Evaluation and Management of Right-Sided Lower Chest Pain with Rib Tenderness in a 67-Year-Old
Start with a standard posteroanterior (PA) chest radiograph combined with thorough physical examination, focusing on detecting life-threatening complications rather than confirming the rib fracture itself, as the fracture diagnosis may not alter management in uncomplicated cases. 1
Initial Diagnostic Approach
Physical Examination Priorities
- Perform the "hooking maneuver" by placing fingers under the costal margin and pulling anteriorly to reproduce pain, which is diagnostic for slipping rib syndrome or painful rib syndrome 2, 3
- Palpate systematically along the entire costal margin to identify the exact tender spot, as this is a key diagnostic feature of painful rib syndrome 3
- Assess for complications including respiratory distress, paradoxical chest wall movement (flail chest), or signs of intra-abdominal injury, particularly given the lower rib location 1
Initial Imaging: PA Chest Radiograph
Order a standard PA chest radiograph as the first-line imaging study, understanding that while it may miss up to 50% of rib fractures, this limitation rarely affects management or outcomes in uncomplicated cases 1. The primary value of the chest radiograph is detecting complications that carry greater clinical significance than the fracture itself 1:
- Pneumothorax
- Hemothorax
- Pulmonary contusion
- Flail chest with displaced fragments
Do not routinely order dedicated rib series radiographs, as they change management in only 0.23% of cases and unnecessarily prolong diagnostic workup without improving outcomes 1
Risk Stratification in This 67-Year-Old Patient
Age 65 or older significantly increases morbidity and mortality risk from rib fractures, even when isolated, due to reduced cardiopulmonary reserve and comorbid conditions 1. This patient warrants closer monitoring for pulmonary complications including:
- Atelectasis
- Impaired secretion clearance
- Pneumonia
- Adult respiratory distress syndrome 1
When to Escalate to CT Imaging
Consider contrast-enhanced chest CT if any of the following are present 1:
- High-energy mechanism of injury (even if examination seems benign)

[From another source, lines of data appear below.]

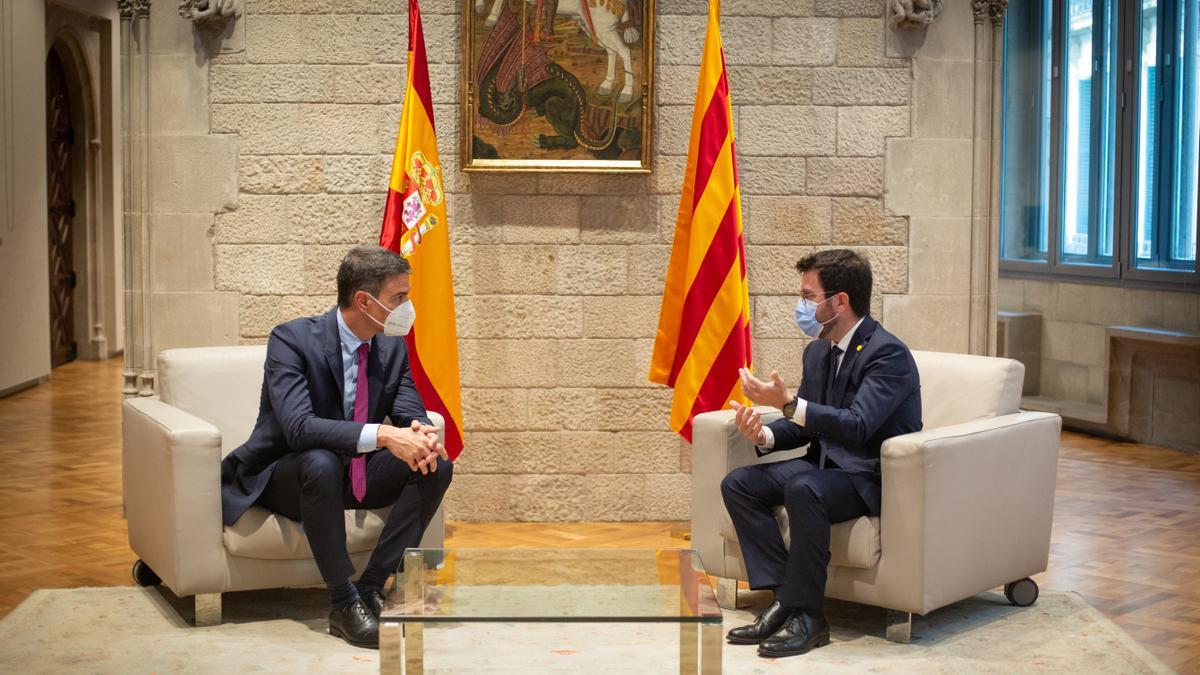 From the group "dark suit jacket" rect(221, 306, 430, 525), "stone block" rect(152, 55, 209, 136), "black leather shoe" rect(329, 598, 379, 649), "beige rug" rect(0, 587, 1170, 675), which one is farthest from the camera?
"stone block" rect(152, 55, 209, 136)

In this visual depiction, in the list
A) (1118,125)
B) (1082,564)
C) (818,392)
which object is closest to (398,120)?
(818,392)

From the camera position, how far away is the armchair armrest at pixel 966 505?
13.2 ft

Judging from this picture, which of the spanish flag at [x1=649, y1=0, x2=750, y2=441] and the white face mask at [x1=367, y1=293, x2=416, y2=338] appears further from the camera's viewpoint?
the spanish flag at [x1=649, y1=0, x2=750, y2=441]

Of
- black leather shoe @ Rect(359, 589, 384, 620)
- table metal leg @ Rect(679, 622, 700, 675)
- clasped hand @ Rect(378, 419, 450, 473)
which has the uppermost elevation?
clasped hand @ Rect(378, 419, 450, 473)

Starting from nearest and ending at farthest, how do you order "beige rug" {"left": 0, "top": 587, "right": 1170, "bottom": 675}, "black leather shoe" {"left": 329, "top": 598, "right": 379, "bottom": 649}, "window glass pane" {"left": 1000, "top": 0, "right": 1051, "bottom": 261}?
"beige rug" {"left": 0, "top": 587, "right": 1170, "bottom": 675}, "black leather shoe" {"left": 329, "top": 598, "right": 379, "bottom": 649}, "window glass pane" {"left": 1000, "top": 0, "right": 1051, "bottom": 261}

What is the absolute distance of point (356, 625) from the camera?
4004 millimetres

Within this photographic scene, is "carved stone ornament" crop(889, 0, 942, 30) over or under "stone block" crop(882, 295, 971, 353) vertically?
over

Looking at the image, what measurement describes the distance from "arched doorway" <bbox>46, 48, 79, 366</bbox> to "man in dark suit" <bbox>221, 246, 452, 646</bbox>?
7.69m

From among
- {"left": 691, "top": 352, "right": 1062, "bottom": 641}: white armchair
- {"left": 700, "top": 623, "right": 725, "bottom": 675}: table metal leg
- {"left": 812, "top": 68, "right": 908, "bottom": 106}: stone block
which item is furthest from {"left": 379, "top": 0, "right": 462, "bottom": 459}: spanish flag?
{"left": 700, "top": 623, "right": 725, "bottom": 675}: table metal leg

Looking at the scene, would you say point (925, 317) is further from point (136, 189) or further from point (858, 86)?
point (136, 189)

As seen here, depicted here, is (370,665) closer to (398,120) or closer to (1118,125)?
(398,120)

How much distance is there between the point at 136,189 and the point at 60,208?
6216mm

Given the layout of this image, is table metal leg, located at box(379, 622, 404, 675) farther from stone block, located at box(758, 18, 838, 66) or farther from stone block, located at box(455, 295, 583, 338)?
stone block, located at box(758, 18, 838, 66)

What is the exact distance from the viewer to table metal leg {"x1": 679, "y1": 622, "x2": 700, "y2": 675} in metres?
3.37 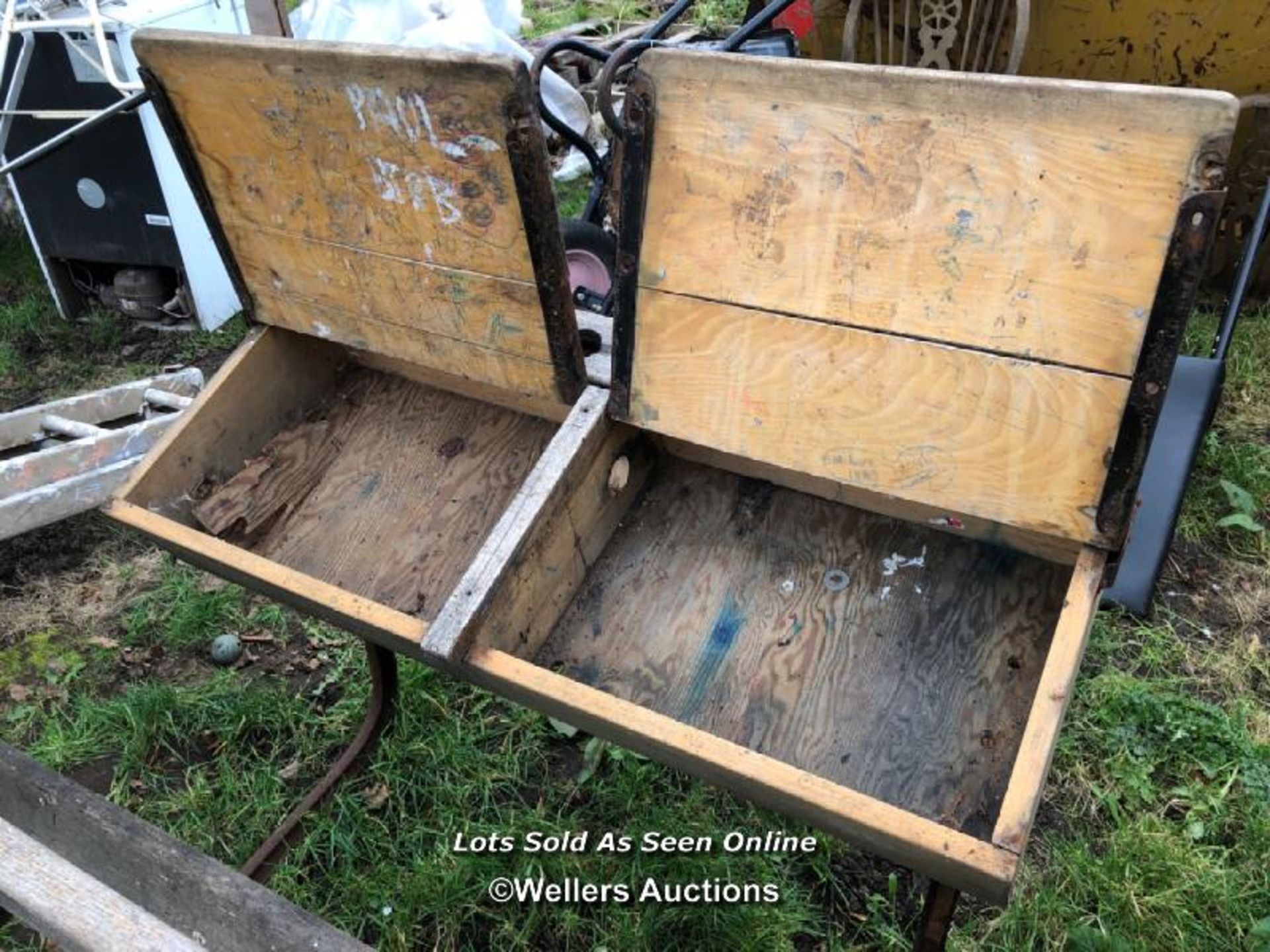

- Multiple rib fractures detected on initial radiograph
- Lower rib fractures (ribs 7-12) with multiple injuries, as these are associated with abdominal organ injury in 67% of cases 1
- Clinical suspicion of intrathoracic or intra-abdominal complications despite normal physical examination
- Right-sided lower rib fractures with concern for hepatic injury, though absence of fractures does not rule out organ damage 1
However, if this represents low-energy trauma with normal vital signs and no evidence of complicated injury on examination, CT may not be necessary 1
Differential Diagnosis Considerations
Musculoskeletal Causes Beyond Fracture
Given the specific location at the curved portion of the lower rib with point tenderness:
- Slipping rib syndrome: Hypermobility of floating ribs (8-12) causing pain with specific movements, diagnosed clinically with hooking maneuver 2
- Painful rib syndrome: Tender spot on costal margin with pain reproduction on palpation, accounting for 3% of general medical referrals 3
- Costochondritis: Though typically anterior, can present with focal rib tenderness 4
These diagnoses are clinical and require no imaging 2, 3. The hooking maneuver is both diagnostic and therapeutic in guiding management.
Management Strategy
For Uncomplicated Rib Injury
Focus treatment on pain control and prevention of respiratory complications 1:
- Adequate analgesia to enable deep breathing and coughing
- Pulmonary hygiene measures
- Early mobilization
- Avoidance of positions that exacerbate pain
Reassure the patient that 93% of blunt chest trauma patients with rib fractures resume daily activities without significant disability 1
For Musculoskeletal Syndromes (Slipping Rib/Painful Rib Syndrome)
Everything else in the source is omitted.